Preocupa la presencia de VIH entre indígenas

No hay cifras oficiales sobre el impacto del virus en grupos étnicos, señalan; precisan que la presencia del VIH-sida entre los indígenas "es mucho más que el mito migratorio, que tiene que ver con la sexualidad y los conceptos de género y poder entre los grupos étnicos"

Alberto López Morales
El Universal
Sábado 02 de diciembre de 2006

JUCHITÁN, Oax.- La presencia del VIH-sida entre la población indígena del país "es preocupante", señaló Amaranta Gómez Regalado, quien preside el proyecto nacional Rompiendo el Silencio y Construyendo Puentes para prevenir ese mal entre los grupos étnicos de México.

En el marco del Día Mundial del Sida, la fundadora del colectivo Bini Laanu (Nuestra Gente) consideró que "lamentablemente se carece de cifras oficiales sobre el impacto del virus entre las poblaciones indígenas".

A pesar de ello, precisó que la presencia del VIH-sida entre los indígenas "es mucho más que el mito migratorio, que tiene que ver con la sexualidad y los conceptos de género y poder entre los grupos étnicos, y con las políticas discriminatorias de los programas de prevención tanto oficiales como no gubernamentales".

Tan sólo en Oaxaca, que concentra 17 grupos étnicos en su territorio, 30% de la población infectada estimada en 2 mil casos es indígena, señaló.

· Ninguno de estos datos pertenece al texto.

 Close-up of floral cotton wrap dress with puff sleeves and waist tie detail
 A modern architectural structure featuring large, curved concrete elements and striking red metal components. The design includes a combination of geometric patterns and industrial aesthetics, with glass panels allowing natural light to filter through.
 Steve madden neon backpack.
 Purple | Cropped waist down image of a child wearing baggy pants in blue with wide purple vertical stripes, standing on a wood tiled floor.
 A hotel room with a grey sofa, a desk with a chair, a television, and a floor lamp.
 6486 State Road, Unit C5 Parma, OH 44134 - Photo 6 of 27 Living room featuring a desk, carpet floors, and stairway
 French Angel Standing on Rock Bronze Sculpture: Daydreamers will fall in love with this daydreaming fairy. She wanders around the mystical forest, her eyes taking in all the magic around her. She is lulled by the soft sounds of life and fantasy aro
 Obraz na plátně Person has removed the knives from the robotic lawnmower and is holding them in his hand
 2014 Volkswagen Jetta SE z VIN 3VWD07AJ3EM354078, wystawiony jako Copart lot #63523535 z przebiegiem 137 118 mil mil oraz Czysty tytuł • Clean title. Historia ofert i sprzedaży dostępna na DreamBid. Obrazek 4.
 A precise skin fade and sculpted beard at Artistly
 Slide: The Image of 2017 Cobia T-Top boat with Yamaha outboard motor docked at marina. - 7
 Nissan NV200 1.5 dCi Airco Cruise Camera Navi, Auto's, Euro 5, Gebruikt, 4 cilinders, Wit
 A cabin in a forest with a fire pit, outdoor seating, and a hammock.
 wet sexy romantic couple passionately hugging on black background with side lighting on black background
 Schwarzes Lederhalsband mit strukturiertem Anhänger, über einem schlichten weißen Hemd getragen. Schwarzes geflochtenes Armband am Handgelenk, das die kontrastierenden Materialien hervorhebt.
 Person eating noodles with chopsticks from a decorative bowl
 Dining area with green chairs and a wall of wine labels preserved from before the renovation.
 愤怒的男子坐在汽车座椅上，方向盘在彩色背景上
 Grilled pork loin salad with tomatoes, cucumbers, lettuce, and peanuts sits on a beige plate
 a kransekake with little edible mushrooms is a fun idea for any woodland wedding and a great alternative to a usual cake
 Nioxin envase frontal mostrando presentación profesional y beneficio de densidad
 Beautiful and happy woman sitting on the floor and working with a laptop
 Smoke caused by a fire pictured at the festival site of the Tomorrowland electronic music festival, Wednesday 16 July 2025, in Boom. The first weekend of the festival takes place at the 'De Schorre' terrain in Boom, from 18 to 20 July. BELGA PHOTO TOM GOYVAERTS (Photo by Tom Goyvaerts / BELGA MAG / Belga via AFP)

En el resto del país, dijo, la Secretaría de Salud no cuenta con los indicadores que determinen la presencia del VIH-sida entre indígenas.

Ante la desinformación del impacto del VIH en esos grupos, señaló Amaranta Gómez, la organización Rompiendo el Silencio inició una investigación en 12 entidades del país con fondos de un millón 200 mil pesos aportados por Coesida, del programa de Desarrollo de las Naciones Unidas y de la Conadeip.

Dicha investigación, que se profundizará en marzo del 2007, "tiene el propósito de diseñar una estrategia nacional de prevención del sida entre los pueblos indígenas con la finalidad de conciliar el uso del condón con los usos y costumbres, romper las barreras de comunicación entre los médicos y la población".

El año pasado, explicó Amaranta Gómez, se realizó el primer consenso en los pueblos indígenas, "donde revisamos la situación epidemiológica de las comunidades y descubrimos que la presencia del sida entre los habitantes tiene que ver con prácticas sexistas y el machismo".

También se detectó, dijo, que las campañas de prevención están divorciadas de esas comunidades, como parte del contexto histórico de marginación y negación de derechos que sufren. "Por eso la investigación que realizamos está enfocada a valorar la sexualidad indígena y los alcances de los sistemas de salud en sus vidas".

Judith López, coordinadora de la organización zapoteca Gunaxhii Guendanabani (Ama la Vida), comentó: "En este año canalizamos siete nuevos casos tan sólo de Juchitán al centro especializado de atención al sida de la Secretaría de Salud; de ellos, tres casos corresponden a mujeres indígenas amas de casa", reveló.

Lamentó que los programas preventivos estén más orientados hacia mujeres y no a los hombres, quienes por sus prácticas machistas imponen su poderío en el seno de la familia.

A diferencia de otras entidades del país, destacó, en las comunidades indígenas del sur del país el sida todavía es sinónimo de muerte, no sólo por el rechazo social que genera, sino porque los portadores del virus se resisten a aceptarse para enfrentar con ayuda psicológica una nueva etapa con mayor calidad de vida.

Cuestionó: "En la mayoría de los municipios de Oaxaca el tema del sida no forma parte de las políticas públicas de los municipios. Ellos deben impulsar campañas de prevención dirigidas hacia los varones, porque ahí está el mayor riesgo", puntualizó.